Qualche settimana fa’ abbiamo scoperto che in un cinema di Lugano proiettavano un film boliviano, Utama. Ultimamente ne parlano tutti, e non solo in quella zona del mondo, perché ha vinto il gran premio della giuria al Sundance, uno dei principali festival di cinema alternativo.
Siccome la proiezione era inserita all’interno di un programma chiamato Festival dei diritti umani, ci sembrava ancora più interessante la possibilità che contestualmente alla proiezione venissero approfondite alcune tematiche che vengono presentate dalla pellicola.
Il regista Alejando Loyza , costruisce una storia in cui la protagonista principale è la natura. Virginio e Sisa sono una coppia che vive sull’altipiano boliviano a 3500 metri sul livello del mare. Il loro stile di vita è essenziale e corredato di silenzi. Il lavoro è duro e la terra è arida. Pascolare i lama e recarsi al villaggio più vicino per rifornirsi di acqua sono le uniche attività su cui si regge l’intreccio narrativo. Ne risulta una temporalità dilatata da cui emergono figure che eroicamente resistono al richiamo della comodità, rappresentato dal nipote della coppia, Clever, che viene mandato dal padre per cercare di convincere i nonni ad abbandonare il loro desolato rifugio.
È un film che ha un livello di profondità non comune e può essere analizzato e interpretato in tanti modi a seconda del punto di vista che si adotta.

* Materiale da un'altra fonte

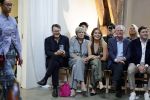 Amsterdam 18 september 2025
Prinses Eloise organiseert samen met Attire Amsterdam en My Lima Lima een modeshow . Haar ouders, Prins Constantijn en moeder Prinses Laurentien zijn natuurlijk aanwezig .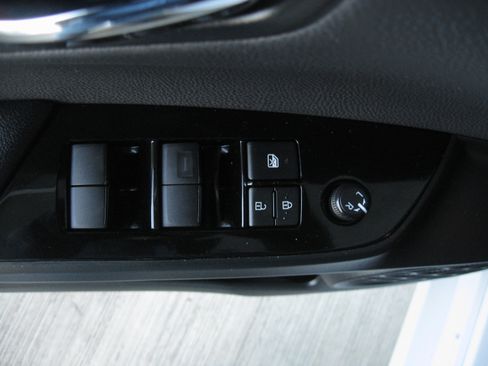 Certified 2022 Toyota Prius Prime LE image 11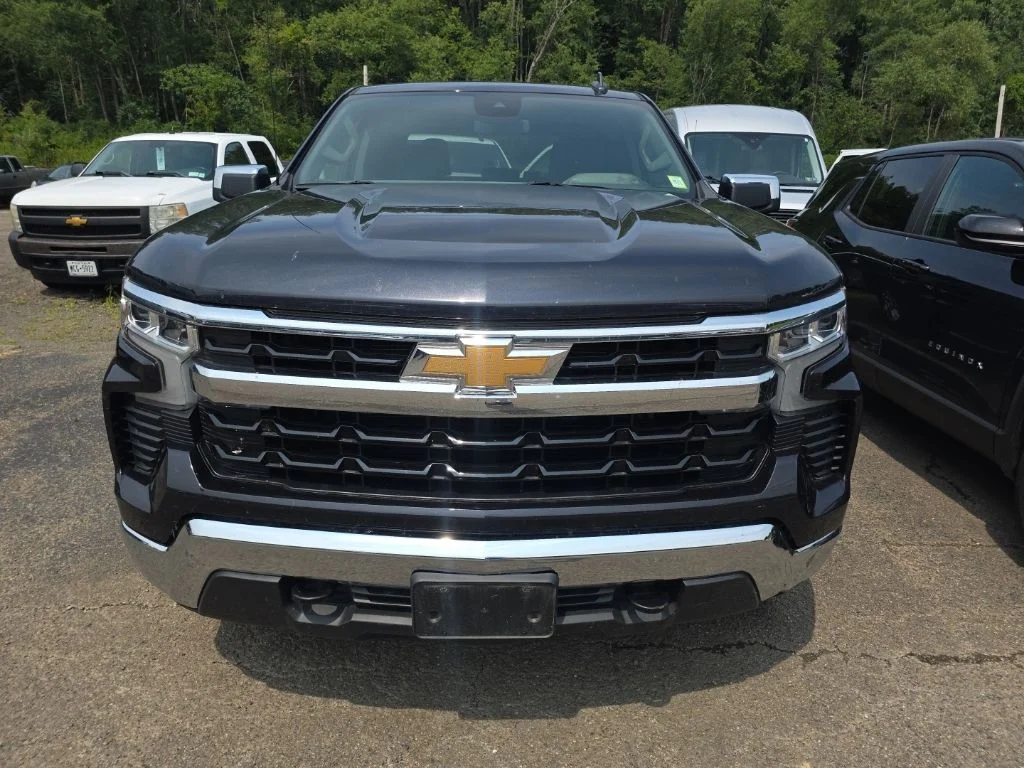 Used 2024 Gray Chevrolet LT image 3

Si parla della cultura quechua e andina; della malattia e della morte che segue Virginio per tutta la durata del film e che viene rappresentata da una formidabile sequenza dove appare un maestoso condor; dell’asprezza della natura che ripete i suoi cicli da millenni e che invariabilmente mette a dura prova gli uomini che vivono in quelle terre dimenticate; il confronto tra generazioni che ci lascia un passaggio traumatico e laceranti difficoltà comunicative.
Insomma il film ci è piaciuto davvero tanto anche perché si smarca dalla produzione in serie che appiattisce molti contenuti inseriti in piattaforme come Netflix. Eppure, anche in un contesto diverso da una piattaforma online, come è un cinema, gli organizzatori sono riusciti ad appiattire il nostro entusiasmo. Ecco quindi che asciugate le lacrime, i titoli di coda si spengono e sul palco del cinema Corso appaiono dei signori che, crediamo noi, approfondiranno qualche aspetto che viene toccato da Utama.

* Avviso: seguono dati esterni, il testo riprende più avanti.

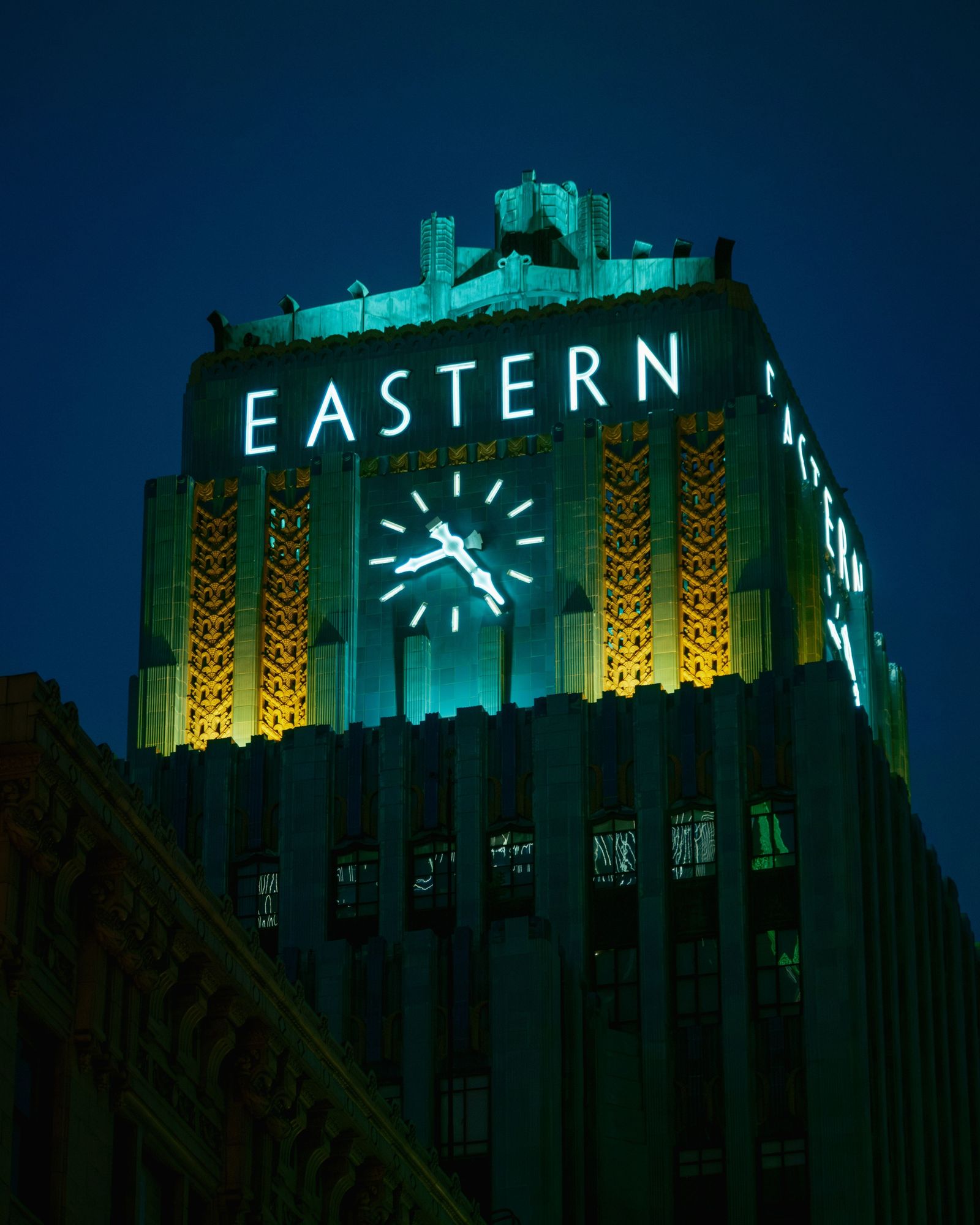 Eastern Columbia Building, Los Angeles 01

Magari ci chiariranno qualche aspetto dell’etnia quechua che è una delle tante che compongono lo stato plurinazionale boliviano. Mica per nulla si chiama Festival dei diritti umani. Giusto?
-Sbagliato.
Quello a cui siamo costretti ad assistere per qualche minuto, prima di scappare annoiati e anche un po’ incazzati, è uno sterile dibattito sul cambiamento climatico.
Ora, appurato che il regista forse ne parla in qualche intervista per ragione di marketing strategico, che tra l’altro ha funzionato, perché il film è stato distribuito in diversi paesi, al di là di questo, dicevo, ma cosa c’entra il cambiamento climatico con un film tanto bello quanto complesso come Utama?

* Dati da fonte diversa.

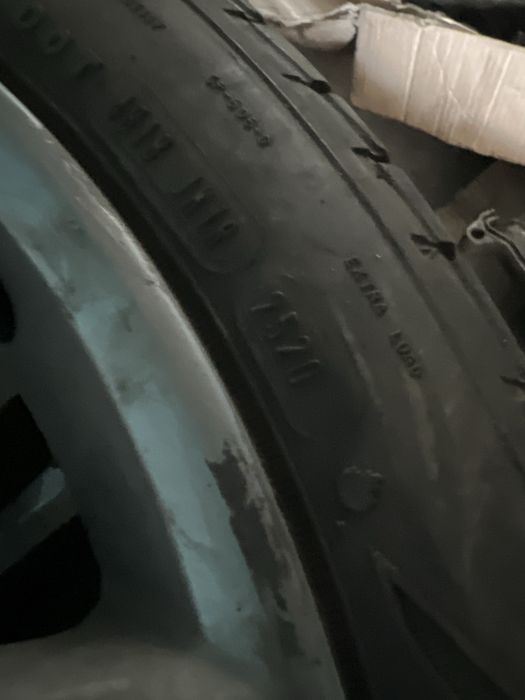Колеса в сборі 235/40/19
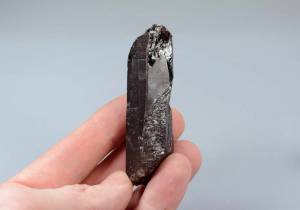 Морион, кристалл 46,66 - вид сбоку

Nulla però rende evidente un fenomeno linguistico manipolatorio che viene utilizzato spesso e che in PNL viene chiamato nominalizzazione.
Per nominalizzazione si intende l’operazione attraverso la quale un predicato verbale, che si riferisce sempre a un processo in atto, viene trasformato in un aggettivo o in un nome.
Quindi, il fatto che Virginio e Sisa affrontino le difficoltà derivate dal fatto il clima cambia e non è prevedibile, così come è sempre successo e sempre sarà soprattutto in quelle terre dimenticate, viene trasformato nel cambiamento climatico, con tutte le connotazioni politiche e gli interessi di settore che sappiamo essere collegati a questa parola. E voilà, con un semplice artificio linguistico, tutta la complessità di un’opera d’arte viene spazzata via per essere sostituita da una vuota e prolissa retorica che risucchia l’attenzione e appiattisce il dibattito.
La morale di tutto questo è: drizzate le orecchie ogni volta che qualcuno vi vuole convincere che un processo dinamico è un oggetto statico e impersonale. Sapete perché? Quando nominalizzate vi convincete, attraverso inconsci processi psichici, che quella cosa non possa essere modificata e che abbia una sua natura propria che è più potente che voi. Non è così: come ci insegnano Virginio e Sisa di fronte al clima che cambia si possono fare tante cose: resistere, sviluppare nuove abilità, rendersi conto della propria impermanenza, accettare la morte. Di fronte al cambiamento climatico si può solo fare una cosa: smettere di parlare delle differenze e pensare a un problema la cui esistenza fa comodo a molti.
Riccardo Cantone
Trainer PNL e Dottore in comunicazione multimediale di massa.